Annie E. Clark stood on stage in the University of Maryland’s Hoff Theater and looked out into a crowd of about 150 students.
Statistically, she said, there was just no way that she and fellow lecturer Andrea Pino were the only sexual assault survivors in the room.
Clark and Pino, co-founders of the advocacy group End Rape on Campus, discussed sexual violence on college campuses Tuesday night, saying they wanted to leave students empowered to create change.
“You don’t have to be like us to be an activist; you don’t have to talk about it every day,” Pino said. “Everyone can play a part in ending violence and oppression by resisting rape culture, supporting survivors and challenging our institutions.”
[Read more: UMD officials file motion to dismiss complaint in $5 million sexual assault lawsuit]
The two women, who have become national figures in the fight against campus sexual violence after their experiences at the University of North Carolina at Chapel Hill, talked about the many ways sexual assault hurts students, while urging audience members to stand up against the issue each day.
Many students develop depression and post-traumatic stress disorder after an assault, they said, citing statistics that show almost 31 percent of survivors suffer academically, and nearly 22 percent consider leaving school.
“How many people have dropped out of school, who are not sitting next to you in this lecture tonight, because of their experience?” Clark said.
The women said sexual assault is often framed as happening to a white, cisgender women. But they pushed students to remember that it is women of color and members of the LGBTQ community who are most at risk.
The Justice Department found in 2006 that about 40 percent of black women report “coercive contact of a sexual nature” by the time they’re 18, and half of transgender people report being sexually assaulted in their lifetime, Clark and Pino said.
“That number is unfathomable,” Clark said. “Yet this is not the narrative you hear in the media.”
Clark and Pino discussed the various federal laws that protect sexual assault survivors, zeroing in on Title IX. The two joined with other UNC students and alumni in filing a complaint against the university in January 2013 under the federal anti-discrimination law, helping to pave the way for hundreds of others to take similar legal action.
“The movement started because young people came forward and learned their civil rights,” Pino said.
This university is one of more than 200 under investigation by the U.S. Education Department’s Office for Civil Rights for how it has handled sexual violence issues.
“The University recently learned of an individual complaint prompting a review by the Education Department’s Office for Civil Rights on possible Title IX violations,” university spokesman Brian Ullmann wrote in a January statement. “We plan to fully comply and assist in the review process.”
Clark and Pino’s talk was what “this campus really needed,” said junior kinesiology major Cairan George.
“There’s a lot of stigma here,” George said. “We need to change the way the topic is discussed.”

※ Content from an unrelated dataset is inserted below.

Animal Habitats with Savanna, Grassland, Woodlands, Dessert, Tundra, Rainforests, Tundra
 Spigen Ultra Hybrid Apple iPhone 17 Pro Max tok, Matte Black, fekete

Alanna DeLeon, the president of this university’s Preventing Sexual Assault organization, said she felt empowered after listening to the lecture, which focused on “everyday activism.” PSA has been pushing this university to place more importance on combating sexual violence on the campus.
“Activism is hard, but it’s supposed to be,” said DeLeon, a senior community health major. “We’re doing this for a reason — there’s still so much to do, but at the same time, we’ve done so much.”
Student Entertainment Events, which sponsored Tuesday’s talk, also held a screening of The Hunting Ground, a documentary about campus sexual assault and universities’ responses that features Clark and Pino, Monday night.
Michal Antonov, SEE’s Lectures Director, said she became determined to help spread the message after watching the documentary a year ago.
“I don’t think a lot of people know where they can turn,” said Antonov, a sophomore communications and government and politics major. “Having these survivors on stage — just them saying, ‘We believe you’ — I think that’s really important.”